Tillo’s father, an officer in the engineering communications corps, was of French origin. From 1849 to 1859 Tillo studied at the military schools of Kiev and St. Petersburg. In 1862 he graduated from the Mikhaylov Artillery Academy and in 1864 completed the theoretical course of the geodesy section of the General Staff Academy. He subsequently carried out practical geodetic and astronomical work for two years at the Pulkovo observatory under the supervision of Otto Struve. From 1866 to 1871 he was director of the Military Topographical Section of the Orenburg Military District. From 1871 on he held a number of military command positions and received the rank of lieutenant general in 1894. In 1892 he was elected corresponding member of the Academie des Sciences and, in 1894, of the St. Petersburg Academy of Sciences. Tillo’s research was associated mainly with the Russian Geographical Society, of which he became a member in 1868. From 1884 he was a member of the council of the society, and from 1889 he was president of its section of mathematical geography.
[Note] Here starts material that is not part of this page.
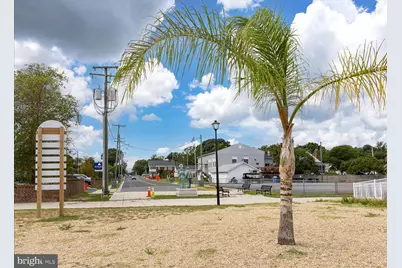 Lot 40 11th Street, Colonial Beach, VA 22443 - Photo 10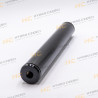 JCB Lower kingpost pin - GMOVE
Tillo’s specialty was geodesy, and his chief works were devoted to the study of the hypsometry and orography of Russia. Leveling carried out in the summer of 1874 led Tillo to determine that the level of the Aral Sea had risen seventy-four meters above that of the Caspian Sea . Tillo initiated the major leveling projects carried out in 1875 and 1877 in Siberia; the results of the surveys and the data from his own research provided the basis for his map of the altitudes of European Russia (1884) and his map of the lengths and descents of the rivers of European Russia (1888). Tillo’s important hypsometrical map of European Russia (1889) was compiled from data on the altitudes of more than 51,000 points. The map established the presence in European Russia of two broad northsouth elevations, which Tillo called the Mid-Russian and the Privolga; the ridges had previouslyand incorrectly-been shown on maps as the Ural-Baltic and the Ural-Carpathian.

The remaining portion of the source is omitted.